The Benefits of Bootstrapping
With bootstrapping, you’re in control. You don’t owe any one blood (family, friends) or loan (investors) money. You build incredible discipline that will stand you in good stead for your next venture. Today’s entrepreneurs have the added benefit of the Internet and being connected. That means being able to run all or parts of your business while mobile or even traveling. Oh, did we mention all the free software?

Bootstrapping Your Startup Business
Successful bootstrapping does require a certain mindset that is willing to put up with sacrifice and compromise in return for a later reward. In a very real sense, it’s the same as wealth-building mentality.

  1. Have a plan. Not just a business plan but also a life plan, since the two WILL be intertwined for some time to come.
  2. Change your habits. Minimize your personal expenses by cutting out anything you don’t need. (Told you there’d be sacrifices.) That will build up extra savings that can be put towards your startup.
  3. Use free software. Inexpensive and free software for desktop and web browsers abounds online. A lot of free apps are suited business use. These applications can help you manage your business, plans, finances, team, tasks, customers, and more. Take advantage of the free trial periods that many software companies now offer for their applications. Some apps are good for 7-30 day free trial, and are often fully-functioning. Through clever planning of download and installation, you just might be able to coast for several months without spending a cent on software. If your business is entirely online, it’s quite possible to create success out of literally just your time and bootstrapping principles.
  4. Minimize your business expenses. In some industries, you need to give the appearance of prosperity. However, buy expensive new furniture, cabinetry, computers and whatever else is not necessary for everyone. For example, don’t go overboard on your office expenses, whether it’s at home or rented somewhere. Do you even need a business office or can you work at home? If you take an office, does it have to be so large? Can you share with another entrepreneur? Are you applying a “green” approach to cut office operating costs? Never mind that “friend” calling you a cheap so and so. This is sometimes what you have to do when you bootstrap: operate lean and green.
  5. Decide between wants and needs. This is an extension of the last two rules. You have to decide what you absolutely need right now and be (or learn to be) disciplined enough to defer the “wants” until your business has disposable income. If you want to treat yourself, do it out of your personal income.
  6. Get out of debt. If you have personal debt – aside from a mortgage or car loan – consider paying it all off before you launch your startup. Get into the habit of having minimal debt, so that you apply the same mindset to your entrepreneurial endeavors.
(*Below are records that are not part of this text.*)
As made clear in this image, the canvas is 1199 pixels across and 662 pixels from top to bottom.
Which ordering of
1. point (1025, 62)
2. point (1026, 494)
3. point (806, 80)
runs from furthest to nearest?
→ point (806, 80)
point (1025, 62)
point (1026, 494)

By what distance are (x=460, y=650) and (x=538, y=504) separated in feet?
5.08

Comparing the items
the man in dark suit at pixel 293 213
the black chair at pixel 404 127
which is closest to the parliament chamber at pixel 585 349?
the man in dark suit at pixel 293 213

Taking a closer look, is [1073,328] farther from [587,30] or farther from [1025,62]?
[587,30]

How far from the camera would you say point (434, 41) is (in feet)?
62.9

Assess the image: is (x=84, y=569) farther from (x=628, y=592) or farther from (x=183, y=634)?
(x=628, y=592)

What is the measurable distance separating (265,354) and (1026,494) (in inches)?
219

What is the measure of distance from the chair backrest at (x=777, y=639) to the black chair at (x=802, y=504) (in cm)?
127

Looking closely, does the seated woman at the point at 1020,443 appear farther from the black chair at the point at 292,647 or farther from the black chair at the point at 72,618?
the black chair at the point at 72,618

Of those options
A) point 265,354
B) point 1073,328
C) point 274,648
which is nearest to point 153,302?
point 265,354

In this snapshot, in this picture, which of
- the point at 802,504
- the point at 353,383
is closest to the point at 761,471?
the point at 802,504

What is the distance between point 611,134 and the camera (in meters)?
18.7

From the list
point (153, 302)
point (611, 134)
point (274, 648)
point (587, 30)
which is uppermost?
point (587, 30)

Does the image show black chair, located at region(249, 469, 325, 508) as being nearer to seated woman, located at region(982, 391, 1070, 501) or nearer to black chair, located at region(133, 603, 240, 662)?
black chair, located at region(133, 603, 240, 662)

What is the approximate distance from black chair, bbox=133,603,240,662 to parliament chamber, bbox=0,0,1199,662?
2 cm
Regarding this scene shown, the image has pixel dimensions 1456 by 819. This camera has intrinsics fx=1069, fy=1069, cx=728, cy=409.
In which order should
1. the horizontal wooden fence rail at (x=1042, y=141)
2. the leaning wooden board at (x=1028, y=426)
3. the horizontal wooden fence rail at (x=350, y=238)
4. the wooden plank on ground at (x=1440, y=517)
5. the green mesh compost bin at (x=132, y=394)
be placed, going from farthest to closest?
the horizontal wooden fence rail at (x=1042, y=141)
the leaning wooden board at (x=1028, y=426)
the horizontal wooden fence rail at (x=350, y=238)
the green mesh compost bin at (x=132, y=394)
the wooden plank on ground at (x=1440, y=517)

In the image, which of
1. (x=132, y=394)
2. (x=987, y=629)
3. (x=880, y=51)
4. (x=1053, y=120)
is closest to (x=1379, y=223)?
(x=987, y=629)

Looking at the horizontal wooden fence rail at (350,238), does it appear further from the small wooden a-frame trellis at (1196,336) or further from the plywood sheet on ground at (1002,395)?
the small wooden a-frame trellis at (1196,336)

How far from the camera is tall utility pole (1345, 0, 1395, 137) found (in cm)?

  7. Increase your personal income. Your startup while slowly take over your life if you let it. If you stand firm and keep some time for yourself each week, use it to build additional personal income.
  8. Increase your revenue. It’s inadvisable, but if you would rather put all your free time into your business, then try to come up with ways to increase its revenue now. Try building multiple streams of income on the side to fund the long-term goals of your startup.
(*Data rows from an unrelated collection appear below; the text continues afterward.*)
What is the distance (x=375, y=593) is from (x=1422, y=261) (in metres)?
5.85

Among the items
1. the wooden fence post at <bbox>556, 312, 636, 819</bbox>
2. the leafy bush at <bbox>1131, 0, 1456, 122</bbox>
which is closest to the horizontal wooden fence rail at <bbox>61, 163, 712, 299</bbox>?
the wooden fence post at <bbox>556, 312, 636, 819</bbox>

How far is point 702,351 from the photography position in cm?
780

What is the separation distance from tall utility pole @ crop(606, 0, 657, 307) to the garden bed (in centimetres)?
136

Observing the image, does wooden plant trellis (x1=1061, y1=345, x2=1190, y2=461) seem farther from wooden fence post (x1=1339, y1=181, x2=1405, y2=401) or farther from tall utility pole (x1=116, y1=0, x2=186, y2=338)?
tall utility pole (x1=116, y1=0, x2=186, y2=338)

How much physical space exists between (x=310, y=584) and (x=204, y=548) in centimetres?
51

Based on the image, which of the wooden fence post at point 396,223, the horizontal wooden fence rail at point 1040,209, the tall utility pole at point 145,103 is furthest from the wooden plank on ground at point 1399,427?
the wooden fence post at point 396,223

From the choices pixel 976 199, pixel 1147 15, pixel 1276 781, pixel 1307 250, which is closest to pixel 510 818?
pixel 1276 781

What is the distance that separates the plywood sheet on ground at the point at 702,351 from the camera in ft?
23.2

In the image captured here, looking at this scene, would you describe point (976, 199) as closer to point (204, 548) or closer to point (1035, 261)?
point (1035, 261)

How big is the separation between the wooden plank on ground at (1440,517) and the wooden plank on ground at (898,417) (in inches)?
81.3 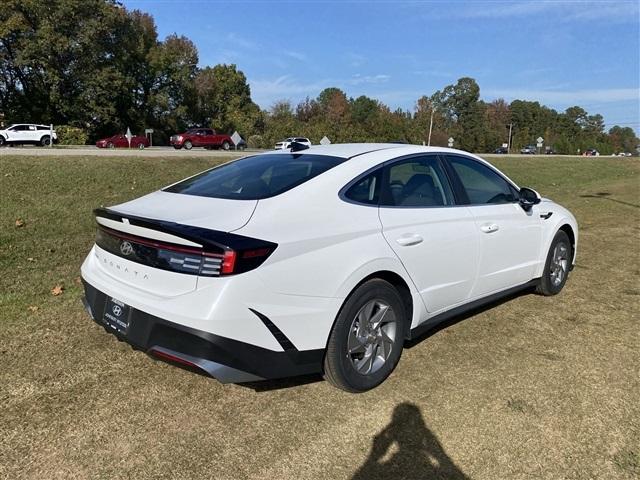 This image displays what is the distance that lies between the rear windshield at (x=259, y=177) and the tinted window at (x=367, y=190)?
220mm

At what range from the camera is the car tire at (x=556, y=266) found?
521 cm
  9. Think critically. Try new methods to get to where you want to be. Apply advanced problem solving.
  10. Apply guerilla marketing. Thinking outside the box isn’t enough. You need to go ahead and implement your plans, and to do so while spending the minimal amount of funds. Leverage the Internet as much as possible. Learn online marketing and bootstrap your own target market. How you do this really depends on what kind of business you are building, but writing targeted articles on your company site is one possibility.

One last bit of advice: the successful bootstrapper embraces challenges with a DIY (do it yourself) attitude. It’s not always a necessity but it doesn’t hurt. That is, why pay for something if you can do it yourself? However, factor in that if your time is worth $X/hour in revenues and you can hire someone to do something for much less, there will come a point where you need to hire and delegate.